I have to share this. We have immersed ourselves in immigration...we have read novels. We have read informational texts. We have viewed primary sources. We have read picture books. We know a LOT! The fun is about to begin! Today our entire fourth grade participates in a simulation where we immigrate through Ellis Island. We set up our community room as Ellis Island, we get parent volunteers who help serve as doctors, inspectors, commissioners, and so on. The students come in costume, bring a suitcase, and prepare for the adventure!
To prepare for this amazing learning experience, I put my students into "families" from countries that sent a lot of immigrants to our part of the country. I have a family from Ireland--the O'Leary family...the Monelli family from Italy...the Botskova family from Russia and so on. Each family is given the names and ages of the family members and one other fact. For example, the Monellis are tomato farmers...the Botskovas are shop owners, and so on. From that limited information, the students work together to "invent" their family story. What town are they from? Who are the other family members? Why are they leaving their homeland?
Together they brainstorm and come up with their ideas. Some of them pulled out atlases to study their homeland to pick their home town...
Others used iPads to get more detail or to learn a little more about what was happening in that era in that country.

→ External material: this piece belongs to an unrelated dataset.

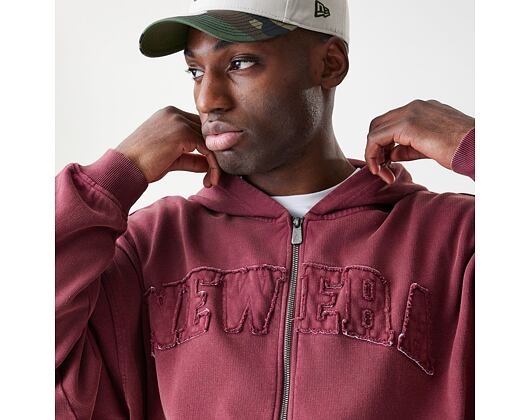 Mikina New Era - Branded Washed Full-Zip Hoody - Burgundy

All of this preparation served to get the students SO excited for our big day. BUT WAIT! There is MORE! This "family planning" (hehe) is serving a much bigger purpose--our next writing task! We are going to be writing immigrant diaries--from the point of view of their new character! This is SUCH a great writing assignment--always my students' favorite as they can be creative, apply so much of what w have learned this year, and can put as much work into it as they wish. The expectations are simple:
1. You must have at least three diary entries--one while still in their homeland, one while aboard their ship, and one at Ellis Island. They are free to do as many more as they wish.
2. They must write from their character's point of view and stay true to it.
3. They must show what they have learned about "elaboration" as they write. Here is the anchor chart we are using to guide our writing:
We started off in the computer lab today with our first entry...and the kids were having a blast writing, conferring with their family members, dashing back to their computers and so on. I L-O-V-E Google Docs! Tons of kids were super excited to go home and add more to their immigrant tales. Cross your fingers that none of us are deported! Have a great day!